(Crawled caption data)
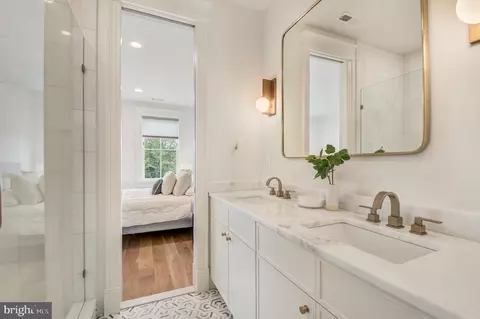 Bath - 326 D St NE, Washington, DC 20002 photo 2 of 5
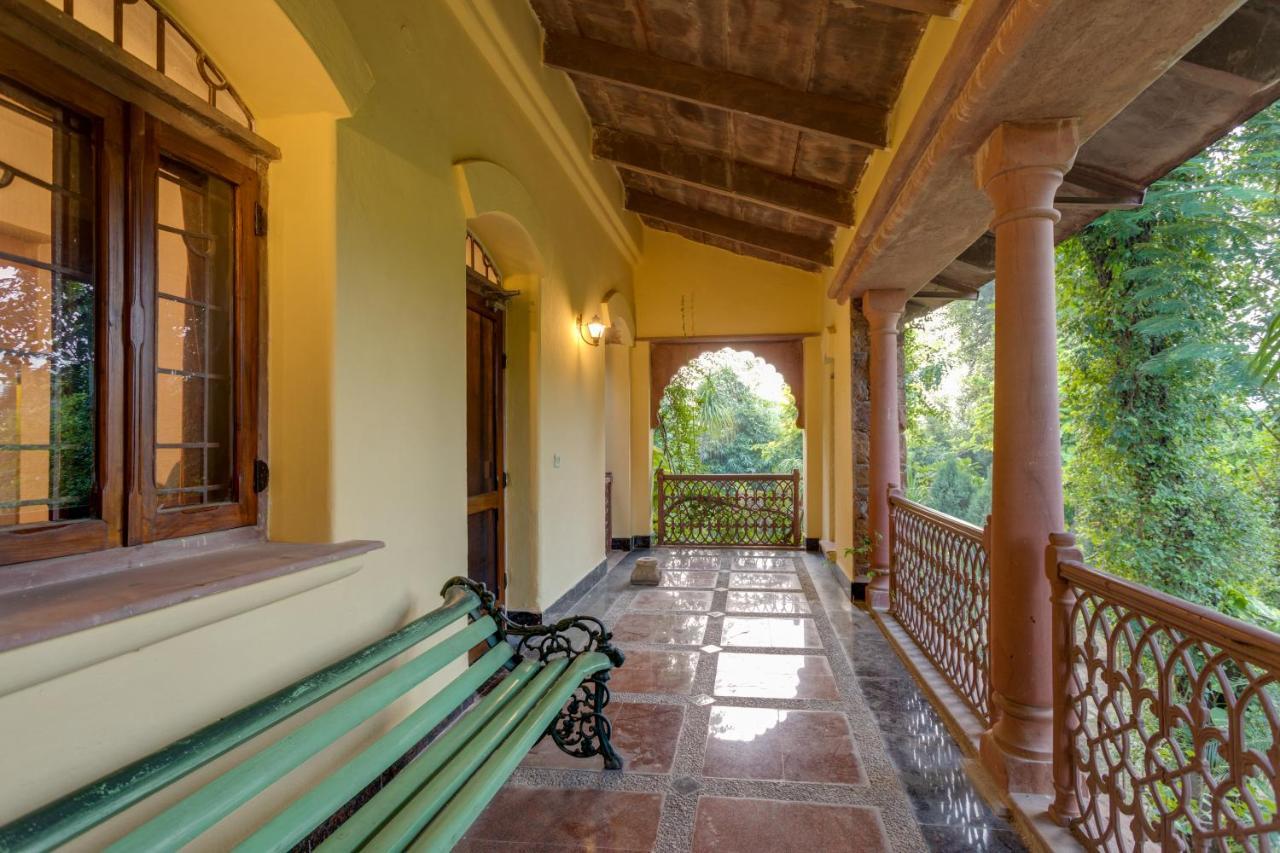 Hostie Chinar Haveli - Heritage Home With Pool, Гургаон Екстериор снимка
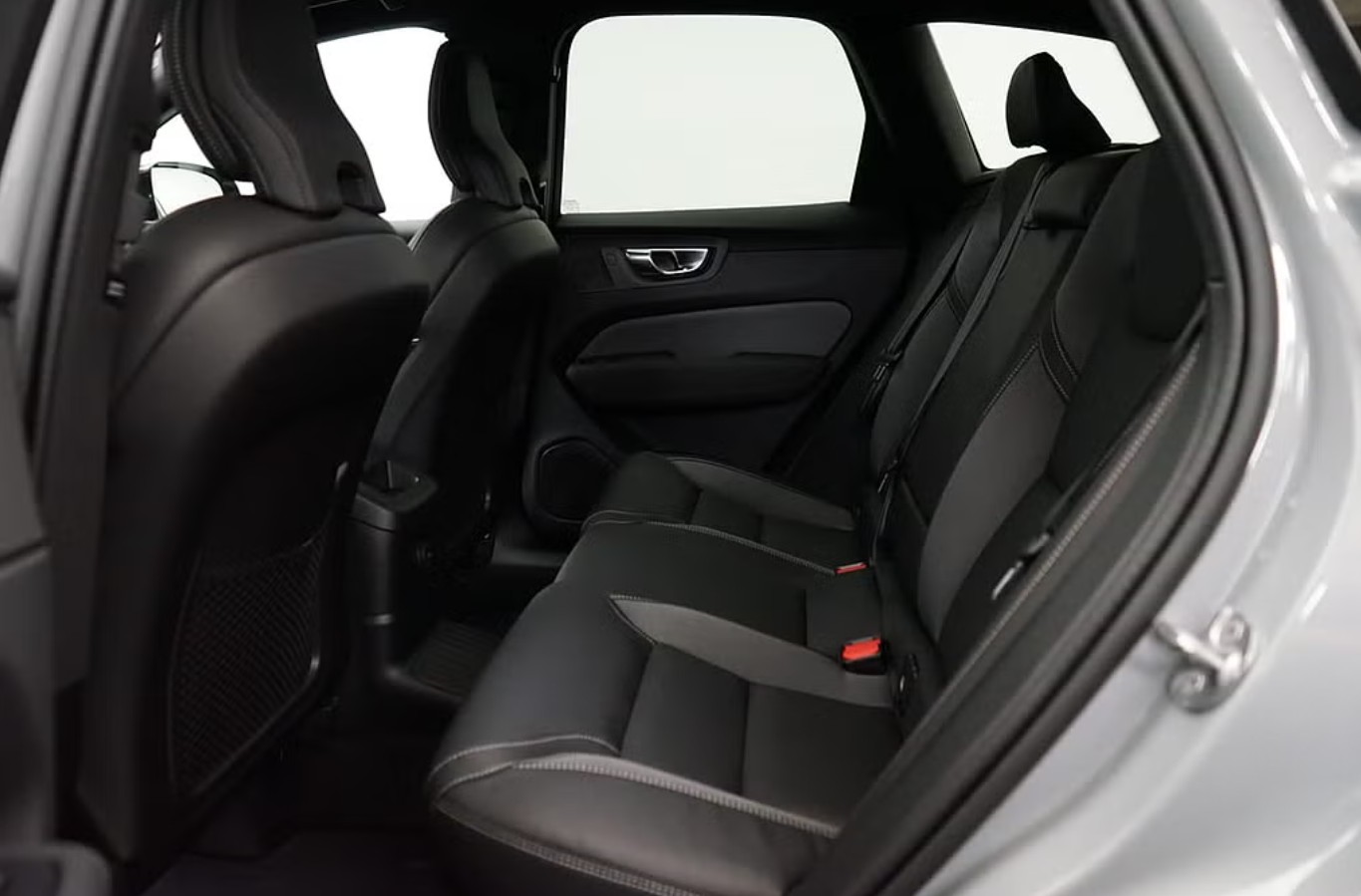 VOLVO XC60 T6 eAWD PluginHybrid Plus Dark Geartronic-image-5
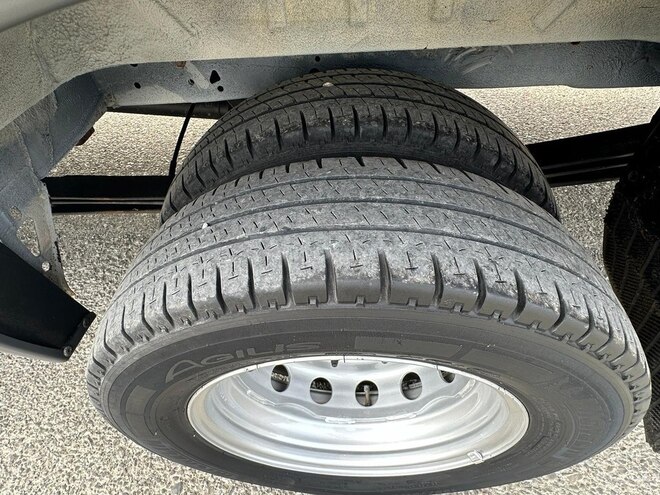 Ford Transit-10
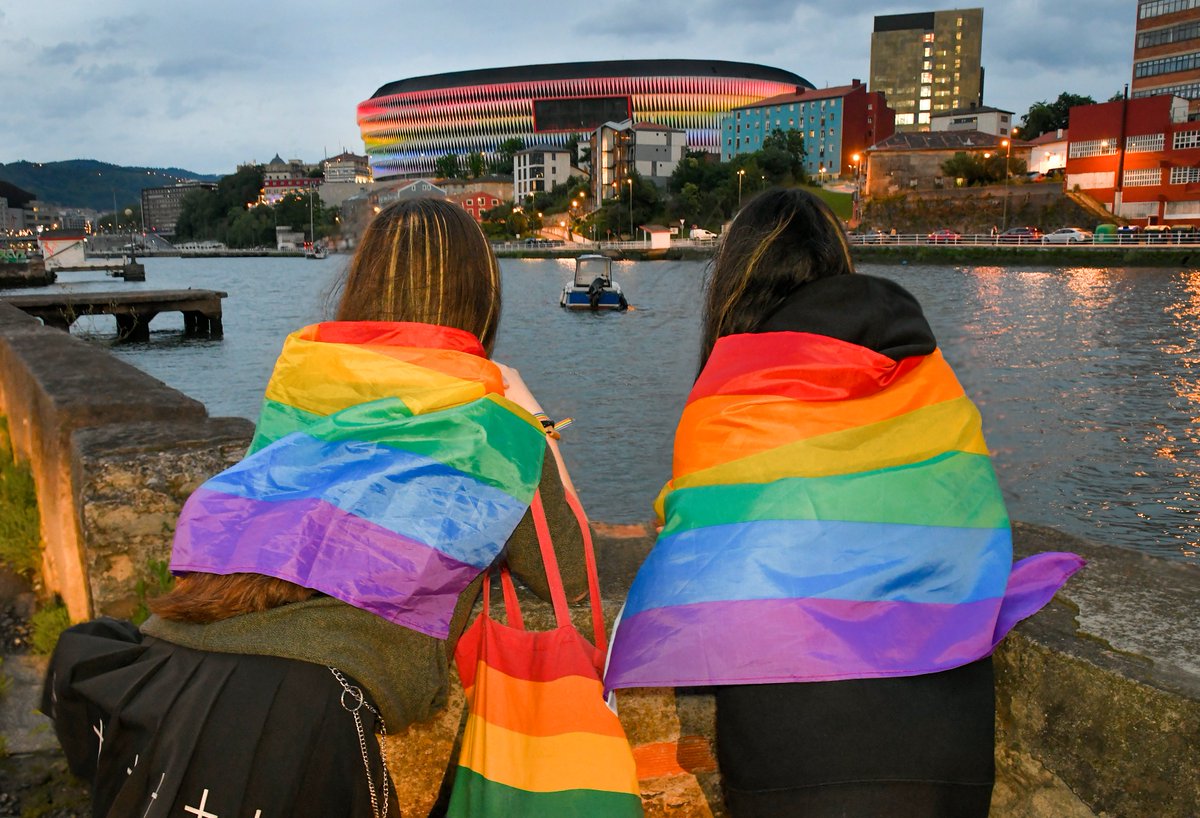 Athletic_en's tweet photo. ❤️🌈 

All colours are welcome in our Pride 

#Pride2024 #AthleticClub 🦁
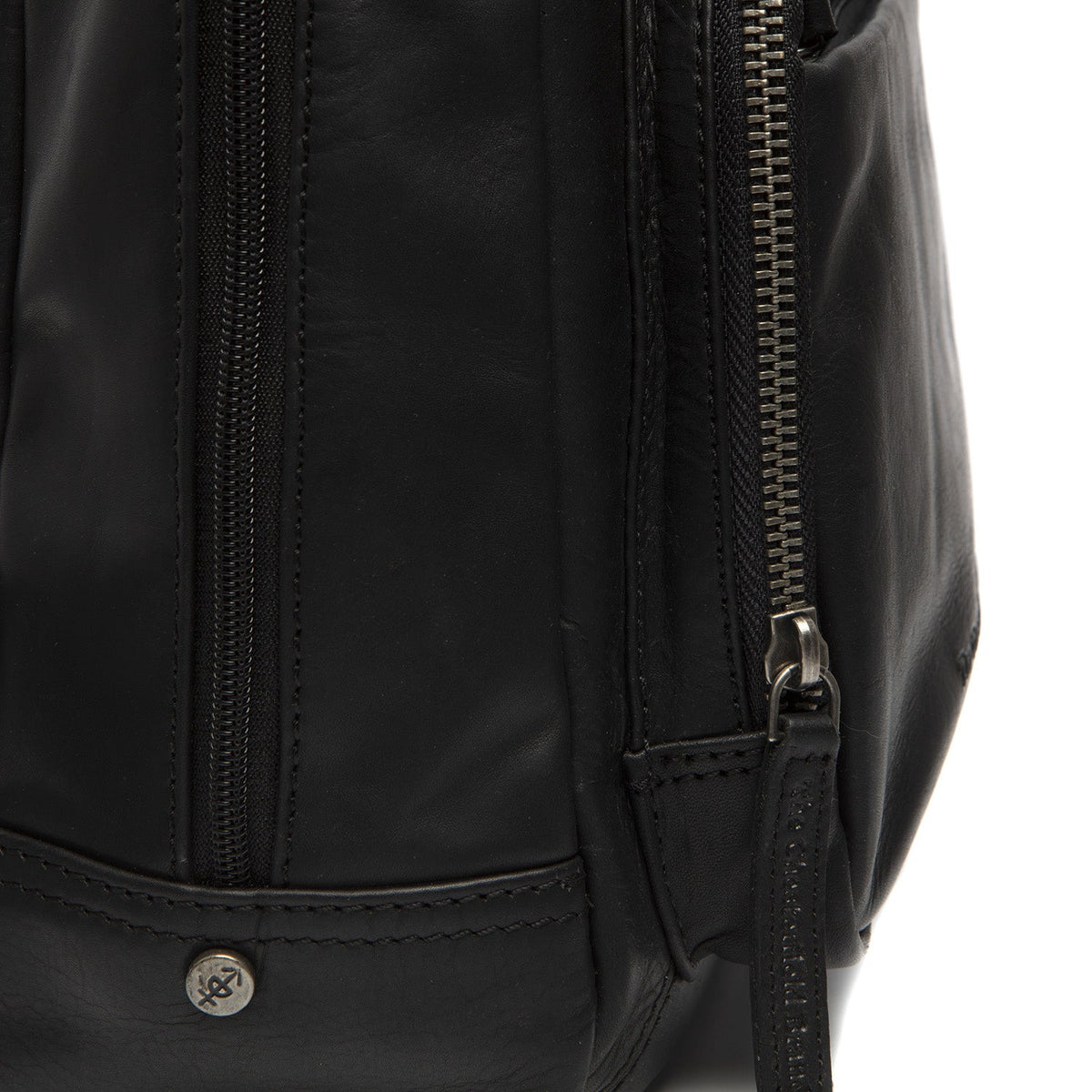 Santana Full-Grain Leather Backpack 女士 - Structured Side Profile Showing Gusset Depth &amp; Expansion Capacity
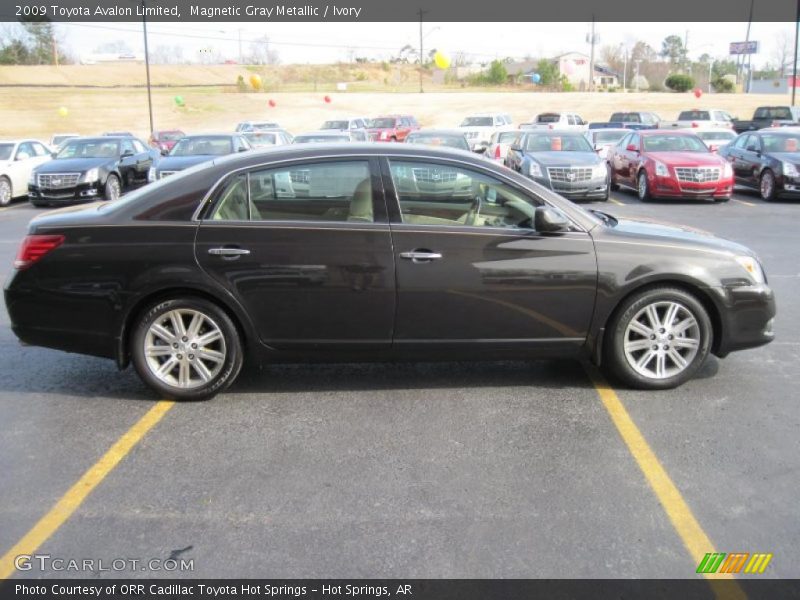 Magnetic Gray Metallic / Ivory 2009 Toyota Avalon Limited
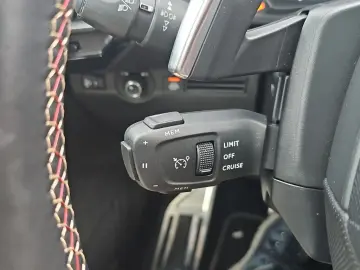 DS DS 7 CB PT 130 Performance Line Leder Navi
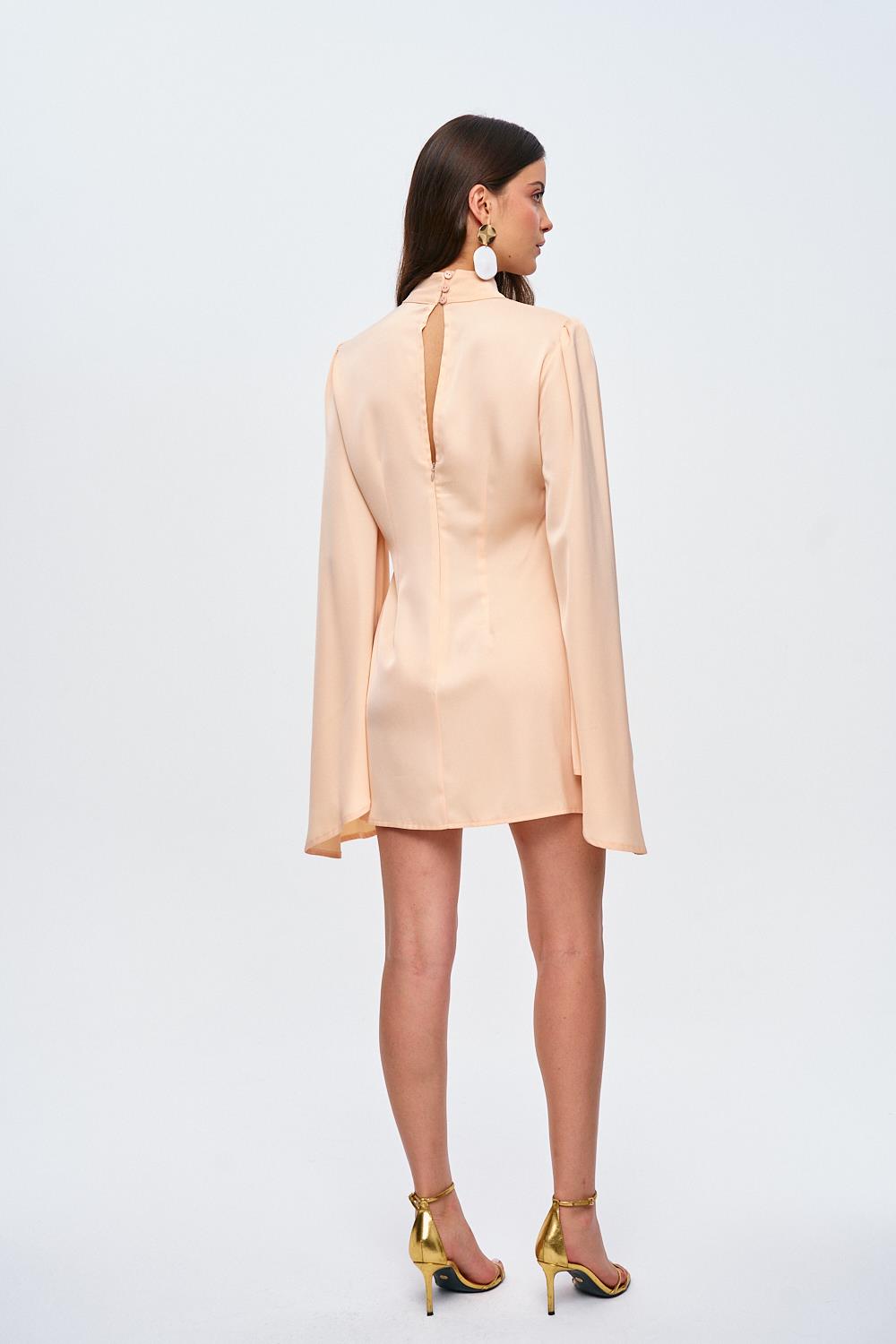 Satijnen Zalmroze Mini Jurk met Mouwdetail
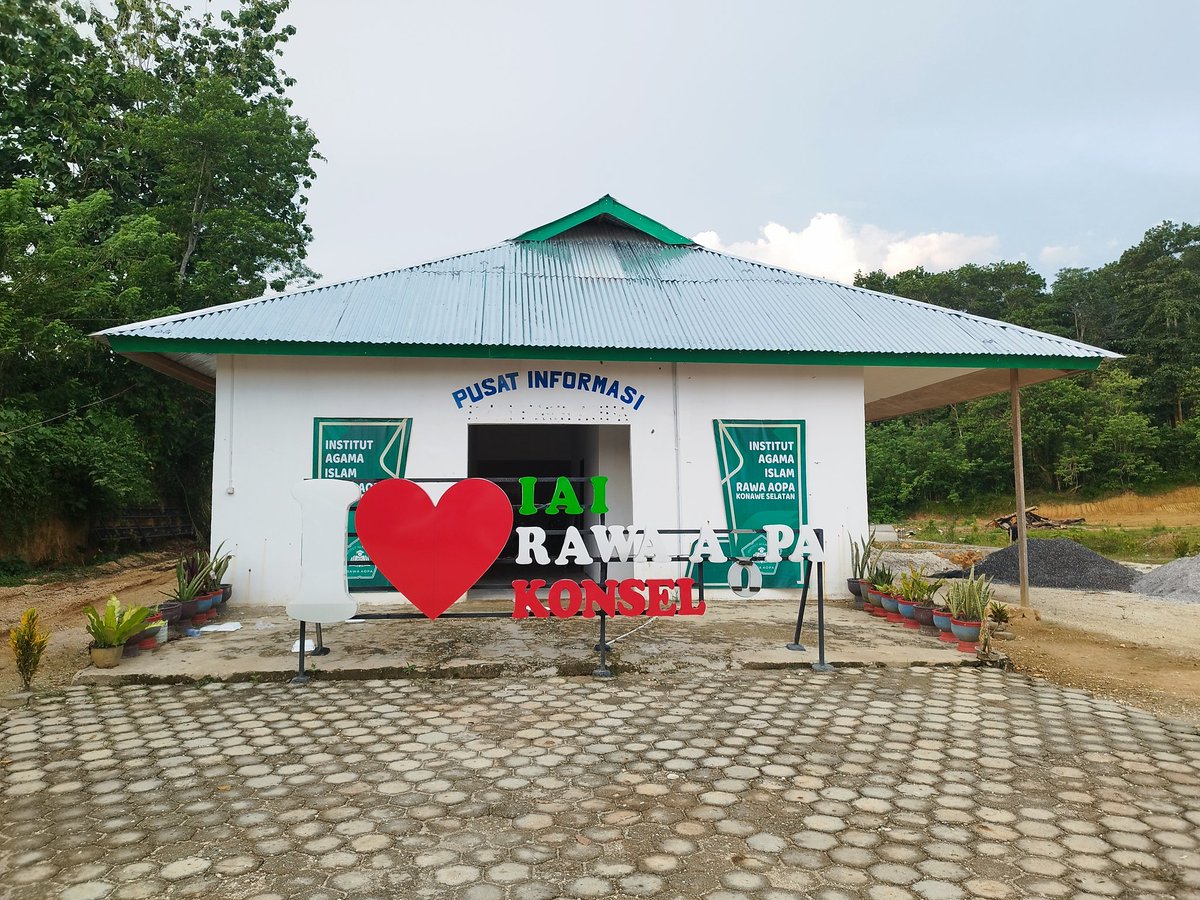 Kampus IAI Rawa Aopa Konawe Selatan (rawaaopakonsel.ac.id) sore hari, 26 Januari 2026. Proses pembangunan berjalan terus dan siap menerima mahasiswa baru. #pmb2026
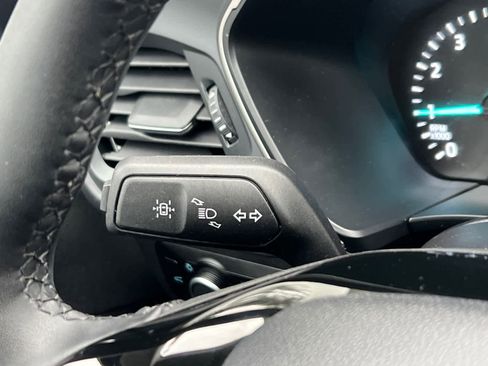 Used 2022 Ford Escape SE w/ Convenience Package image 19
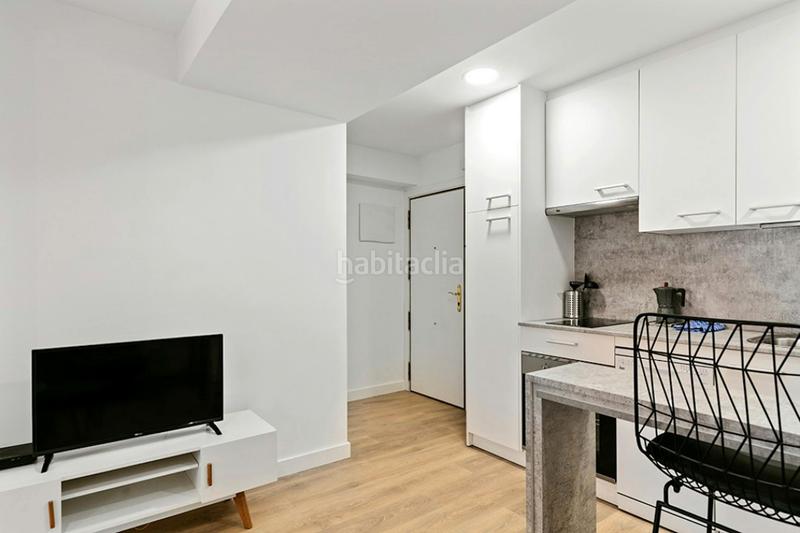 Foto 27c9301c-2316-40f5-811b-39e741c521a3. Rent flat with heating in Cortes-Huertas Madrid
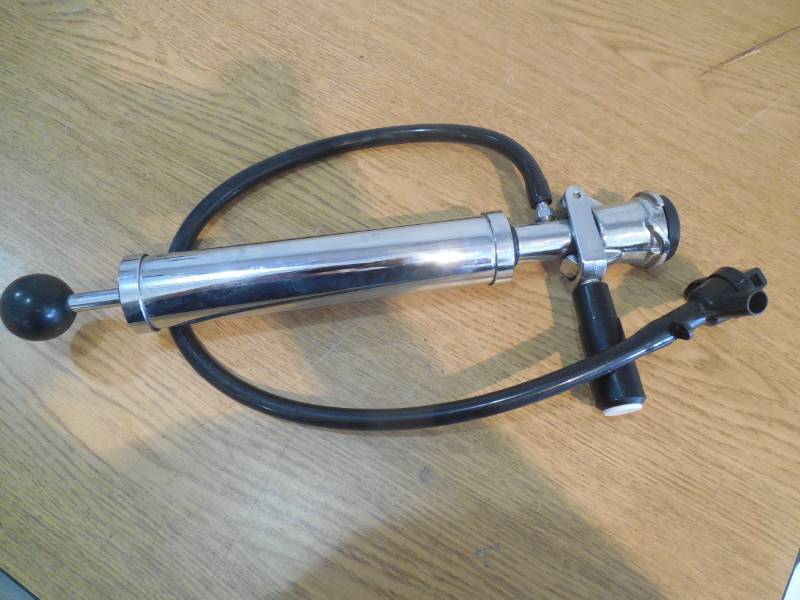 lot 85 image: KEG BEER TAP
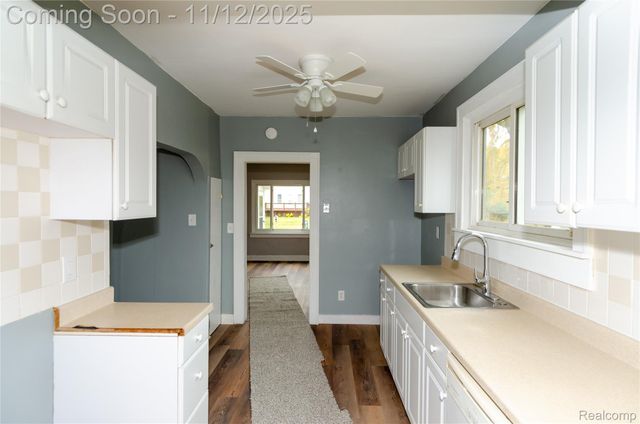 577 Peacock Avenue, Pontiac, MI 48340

→ **DIRECTIONS FOR THIS TASK**
Please retype exactly the lines from the one containing "Magnetic Gray Metallic" through the last line of the records, both included, leaving out every picture.

→ **SOLUTION TO THE PROBLEM**
 Magnetic Gray Metallic / Ivory 2009 Toyota Avalon Limited
 DS DS 7 CB PT 130 Performance Line Leder Navi
 Satijnen Zalmroze Mini Jurk met Mouwdetail
 Kampus IAI Rawa Aopa Konawe Selatan (rawaaopakonsel.ac.id) sore hari, 26 Januari 2026. Proses pembangunan berjalan terus dan siap menerima mahasiswa baru. #pmb2026
 Used 2022 Ford Escape SE w/ Convenience Package image 19
 Foto 27c9301c-2316-40f5-811b-39e741c521a3. Rent flat with heating in Cortes-Huertas Madrid
 lot 85 image: KEG BEER TAP
 577 Peacock Avenue, Pontiac, MI 48340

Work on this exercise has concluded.